The Times reported that Wang Lijun the police chief and former associate of Bo Xilai, the disgraced former Communist party leader, was sentenced to 15 years for “defection, abuse of power, taking bribes and bending the law for personal gain” (“Police Chief in Chinese Murder Scandal Convicted and Sentenced to 15 Years," NYT, 9/23/12). Bo Xilai wife’s Gu Kailai was given a “death sentence with a two-year suspension which means she will probably end up with a long prison term” and the fate of Mr. Bo, once in line to becoming a major figure is still undetermined. The case, involving as it does both the murder of a British businessman, Neil Heywood, and an ambitious Chinese politician, epitomizes the seemingly conflicting forces in Chinese society. China suffers from cultural and economic schizophrenia. Its economy is a juggernaut, powered by free market capitalism and private enterprise. Yet it still has a powerful Communist Party which operates in a clandestine manner, taking back freedom as fast as it gives it away. Usually freedom of expression and free market capitalism co-exist, but in Chinese society the two are often at odds. Will we really ever know the real story of what accounted for Bo Xilai’s fall from grace? During the cold war the two Germany’s exemplified warring ideologies. In today’s China, the same conflict exists under one roof. It serves China’s purposes to give the impression of being a dynamic and open society, but the reality is often otherwise. Alison Klayman’s documentary Ai Weiwei: Never Sorry, demonstrates how the Chinese government gave the prominent artist just enough rope to strangle himself with. When Ai Weiwei out lived his use and his outspokenness no longer was a source of useful publicity, he was silenced. China has enormous resources, but true freedom is the one thing that money (and the prospect of increasing economic expansion) is still not able to buy.

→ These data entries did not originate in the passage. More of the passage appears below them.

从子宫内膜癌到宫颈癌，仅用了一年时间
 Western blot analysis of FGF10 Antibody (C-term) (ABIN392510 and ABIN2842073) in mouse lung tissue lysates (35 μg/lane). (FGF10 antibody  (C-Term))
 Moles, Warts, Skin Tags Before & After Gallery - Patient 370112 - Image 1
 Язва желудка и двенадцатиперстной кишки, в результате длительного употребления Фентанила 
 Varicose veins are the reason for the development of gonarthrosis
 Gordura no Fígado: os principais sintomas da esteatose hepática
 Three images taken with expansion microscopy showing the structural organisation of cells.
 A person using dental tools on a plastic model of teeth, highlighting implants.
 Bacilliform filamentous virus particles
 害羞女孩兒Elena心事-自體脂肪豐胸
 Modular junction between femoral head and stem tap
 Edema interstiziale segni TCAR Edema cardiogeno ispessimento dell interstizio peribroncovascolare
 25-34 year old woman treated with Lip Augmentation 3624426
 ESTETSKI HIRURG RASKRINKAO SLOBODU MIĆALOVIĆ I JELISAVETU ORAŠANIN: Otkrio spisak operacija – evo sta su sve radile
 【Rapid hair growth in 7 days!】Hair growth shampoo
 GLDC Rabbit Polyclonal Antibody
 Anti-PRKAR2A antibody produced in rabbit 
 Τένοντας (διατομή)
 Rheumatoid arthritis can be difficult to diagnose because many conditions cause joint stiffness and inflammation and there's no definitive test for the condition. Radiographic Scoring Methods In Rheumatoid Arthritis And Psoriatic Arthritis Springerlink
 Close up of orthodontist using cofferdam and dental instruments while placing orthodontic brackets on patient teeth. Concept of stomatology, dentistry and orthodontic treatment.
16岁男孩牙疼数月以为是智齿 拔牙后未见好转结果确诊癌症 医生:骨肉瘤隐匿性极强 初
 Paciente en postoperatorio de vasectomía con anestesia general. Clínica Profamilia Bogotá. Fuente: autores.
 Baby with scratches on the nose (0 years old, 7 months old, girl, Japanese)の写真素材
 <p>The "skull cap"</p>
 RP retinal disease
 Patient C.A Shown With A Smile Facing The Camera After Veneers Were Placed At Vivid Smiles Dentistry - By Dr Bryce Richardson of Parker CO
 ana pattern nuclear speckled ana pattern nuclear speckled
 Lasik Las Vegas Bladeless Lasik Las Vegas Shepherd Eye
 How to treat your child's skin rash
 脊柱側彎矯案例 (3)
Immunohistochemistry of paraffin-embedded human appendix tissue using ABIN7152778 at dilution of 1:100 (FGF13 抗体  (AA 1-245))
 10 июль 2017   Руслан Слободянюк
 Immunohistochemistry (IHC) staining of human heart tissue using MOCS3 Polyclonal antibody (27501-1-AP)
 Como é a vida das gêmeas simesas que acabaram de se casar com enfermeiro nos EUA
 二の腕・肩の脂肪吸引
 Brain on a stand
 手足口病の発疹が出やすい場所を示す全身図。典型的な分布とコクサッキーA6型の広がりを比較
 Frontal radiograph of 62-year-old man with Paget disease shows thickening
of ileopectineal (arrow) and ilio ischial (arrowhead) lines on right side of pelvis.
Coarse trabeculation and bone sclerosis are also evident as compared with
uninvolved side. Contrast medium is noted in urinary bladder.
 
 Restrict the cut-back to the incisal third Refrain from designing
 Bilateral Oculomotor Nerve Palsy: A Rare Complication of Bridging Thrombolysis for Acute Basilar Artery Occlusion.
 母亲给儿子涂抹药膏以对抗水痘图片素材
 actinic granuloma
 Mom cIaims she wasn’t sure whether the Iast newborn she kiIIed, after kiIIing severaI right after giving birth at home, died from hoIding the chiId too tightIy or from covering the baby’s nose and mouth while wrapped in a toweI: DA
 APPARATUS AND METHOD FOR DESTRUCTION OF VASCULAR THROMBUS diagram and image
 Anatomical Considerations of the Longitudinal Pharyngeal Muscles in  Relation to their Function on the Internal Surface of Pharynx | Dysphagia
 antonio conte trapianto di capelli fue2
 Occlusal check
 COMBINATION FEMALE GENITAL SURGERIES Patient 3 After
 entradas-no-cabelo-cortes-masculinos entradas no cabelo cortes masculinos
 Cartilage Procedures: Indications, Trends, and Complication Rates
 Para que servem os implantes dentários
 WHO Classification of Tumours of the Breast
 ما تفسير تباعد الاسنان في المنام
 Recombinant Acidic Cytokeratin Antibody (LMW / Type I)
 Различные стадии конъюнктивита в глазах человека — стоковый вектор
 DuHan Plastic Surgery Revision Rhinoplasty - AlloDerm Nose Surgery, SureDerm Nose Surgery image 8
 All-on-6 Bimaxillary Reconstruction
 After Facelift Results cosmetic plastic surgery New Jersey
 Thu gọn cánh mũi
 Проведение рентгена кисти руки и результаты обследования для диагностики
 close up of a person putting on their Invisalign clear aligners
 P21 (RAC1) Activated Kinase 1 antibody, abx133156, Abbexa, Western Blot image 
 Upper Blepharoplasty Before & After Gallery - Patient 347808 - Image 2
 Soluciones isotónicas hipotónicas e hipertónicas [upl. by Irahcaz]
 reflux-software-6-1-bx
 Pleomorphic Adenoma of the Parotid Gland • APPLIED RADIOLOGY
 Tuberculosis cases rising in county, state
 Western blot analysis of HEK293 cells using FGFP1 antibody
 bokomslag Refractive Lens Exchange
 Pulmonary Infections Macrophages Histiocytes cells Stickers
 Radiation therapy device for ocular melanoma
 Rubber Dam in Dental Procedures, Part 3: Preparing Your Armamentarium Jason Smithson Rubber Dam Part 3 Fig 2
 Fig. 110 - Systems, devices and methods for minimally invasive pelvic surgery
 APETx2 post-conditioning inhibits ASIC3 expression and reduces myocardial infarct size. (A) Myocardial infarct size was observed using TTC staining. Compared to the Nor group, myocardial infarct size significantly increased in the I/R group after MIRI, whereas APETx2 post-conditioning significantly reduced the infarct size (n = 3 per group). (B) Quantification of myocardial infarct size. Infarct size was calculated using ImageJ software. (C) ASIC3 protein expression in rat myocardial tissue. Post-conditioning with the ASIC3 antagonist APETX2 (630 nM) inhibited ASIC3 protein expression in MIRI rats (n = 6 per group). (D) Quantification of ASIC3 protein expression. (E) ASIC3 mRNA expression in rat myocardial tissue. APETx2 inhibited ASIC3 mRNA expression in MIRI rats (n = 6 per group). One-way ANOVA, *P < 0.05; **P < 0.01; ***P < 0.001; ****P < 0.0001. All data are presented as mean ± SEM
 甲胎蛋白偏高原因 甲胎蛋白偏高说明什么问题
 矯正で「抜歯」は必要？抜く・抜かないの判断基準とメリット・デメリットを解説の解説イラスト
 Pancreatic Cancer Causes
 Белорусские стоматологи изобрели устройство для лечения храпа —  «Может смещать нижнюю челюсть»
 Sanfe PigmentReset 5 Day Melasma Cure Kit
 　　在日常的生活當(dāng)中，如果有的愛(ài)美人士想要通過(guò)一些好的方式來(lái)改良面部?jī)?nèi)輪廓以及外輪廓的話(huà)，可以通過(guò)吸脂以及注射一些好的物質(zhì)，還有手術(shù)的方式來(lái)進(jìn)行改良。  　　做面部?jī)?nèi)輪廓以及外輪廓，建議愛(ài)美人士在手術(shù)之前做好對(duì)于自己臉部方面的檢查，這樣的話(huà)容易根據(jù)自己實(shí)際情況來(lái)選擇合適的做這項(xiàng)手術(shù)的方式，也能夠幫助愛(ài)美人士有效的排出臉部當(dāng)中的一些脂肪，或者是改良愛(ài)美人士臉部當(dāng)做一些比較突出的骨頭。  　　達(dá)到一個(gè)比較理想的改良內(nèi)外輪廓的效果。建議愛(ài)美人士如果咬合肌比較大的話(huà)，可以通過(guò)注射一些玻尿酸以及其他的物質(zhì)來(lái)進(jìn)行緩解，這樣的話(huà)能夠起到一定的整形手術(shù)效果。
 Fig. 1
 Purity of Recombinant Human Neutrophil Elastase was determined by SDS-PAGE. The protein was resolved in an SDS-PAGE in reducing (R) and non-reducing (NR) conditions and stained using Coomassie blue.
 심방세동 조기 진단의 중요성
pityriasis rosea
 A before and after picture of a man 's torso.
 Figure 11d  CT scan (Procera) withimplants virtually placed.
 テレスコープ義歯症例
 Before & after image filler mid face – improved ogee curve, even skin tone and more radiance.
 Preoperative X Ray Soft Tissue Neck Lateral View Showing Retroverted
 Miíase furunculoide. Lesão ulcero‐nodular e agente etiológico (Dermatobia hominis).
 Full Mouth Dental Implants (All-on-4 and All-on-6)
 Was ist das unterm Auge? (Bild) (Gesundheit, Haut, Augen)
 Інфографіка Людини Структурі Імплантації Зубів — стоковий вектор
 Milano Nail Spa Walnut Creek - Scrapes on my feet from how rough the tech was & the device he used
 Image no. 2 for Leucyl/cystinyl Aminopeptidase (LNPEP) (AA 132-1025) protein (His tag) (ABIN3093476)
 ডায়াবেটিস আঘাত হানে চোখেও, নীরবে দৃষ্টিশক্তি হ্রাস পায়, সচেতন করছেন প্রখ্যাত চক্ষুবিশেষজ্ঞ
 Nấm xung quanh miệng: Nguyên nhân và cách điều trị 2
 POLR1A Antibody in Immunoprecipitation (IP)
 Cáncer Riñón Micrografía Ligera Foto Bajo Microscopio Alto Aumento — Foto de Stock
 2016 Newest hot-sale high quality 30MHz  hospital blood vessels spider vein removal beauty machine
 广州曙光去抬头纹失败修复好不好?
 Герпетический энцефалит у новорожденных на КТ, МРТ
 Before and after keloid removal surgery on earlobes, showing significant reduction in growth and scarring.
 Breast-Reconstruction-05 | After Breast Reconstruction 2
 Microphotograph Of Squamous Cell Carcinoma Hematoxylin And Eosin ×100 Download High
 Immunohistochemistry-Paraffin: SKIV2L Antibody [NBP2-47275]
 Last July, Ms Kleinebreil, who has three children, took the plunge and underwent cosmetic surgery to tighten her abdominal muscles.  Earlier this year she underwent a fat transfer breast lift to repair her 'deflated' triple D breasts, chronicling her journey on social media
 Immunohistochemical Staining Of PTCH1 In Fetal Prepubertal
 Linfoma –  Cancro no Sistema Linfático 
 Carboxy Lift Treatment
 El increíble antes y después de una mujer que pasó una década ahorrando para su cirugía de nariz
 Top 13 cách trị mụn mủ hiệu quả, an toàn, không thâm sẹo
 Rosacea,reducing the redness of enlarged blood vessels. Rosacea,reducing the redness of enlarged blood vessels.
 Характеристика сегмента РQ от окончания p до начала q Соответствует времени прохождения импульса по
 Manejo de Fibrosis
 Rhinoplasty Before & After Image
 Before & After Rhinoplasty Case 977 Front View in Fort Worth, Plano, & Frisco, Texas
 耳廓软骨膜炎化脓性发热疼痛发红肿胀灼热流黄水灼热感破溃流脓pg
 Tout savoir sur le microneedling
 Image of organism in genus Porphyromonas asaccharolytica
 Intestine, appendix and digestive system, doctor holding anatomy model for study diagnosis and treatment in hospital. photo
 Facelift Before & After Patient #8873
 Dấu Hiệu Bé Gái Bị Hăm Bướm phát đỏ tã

Monday, September 24, 2012

Eurodammerung


Photo: Carl-Johan Sveningsson
In a special section of the September/October issue of Foreign Affairs pithily titled “Eurodammerung,” Timothy Garton Ash has brought his great erudition to bear upon the prospects of the EU. In the article, “The Crisis of Europe, "Ash talks about the political legacy of the Second World War, as informing the drive for an economically united Europe. There are some precious vignettes like the one in which Ash is talking to German Chancellor Helmut Kohl who asks, “Do you realize that you are sitting opposite the direct successor to Adolph Hitler?” He quotes Milan Kundera about “the kidnapped West,” describing the inertial force driving the inhabitants of former Iron Curtain countries. He invokes Gabriel Garcia Marquez when he describes the ensuing invention of the Euro as “Chronicle of a Crisis Foretold,” and in discussing how the scales of economic justice would be upset by the juggernaut of a united Germany, he quotes Thomas Mann, “Not a German Europe but a European Germany” and goes on to remark “What we see today, however, is a European Germany in a German Europe.” For Ash the collective memory which inspired the idea of unification and common currency has been lost. “There is a new dividing line across Europe, not between east and west but between north and south,” Ash soberly concludes. “Now, and probably for years to come it will be a very different experience to be a young German or a young Spaniard, a young Pole or a young Greek.” The cold war was a battle between two ideologies: capitalism and Marxism—both ideas, products of the Enlightenment. Now, if we are to read Ash correctly, European unity is threatened by something far more regressive, the return to a kind of tribalism in which to quote Jerry Butler, the sixties soul singer known as “The Iceman,” Only the Strong Survive.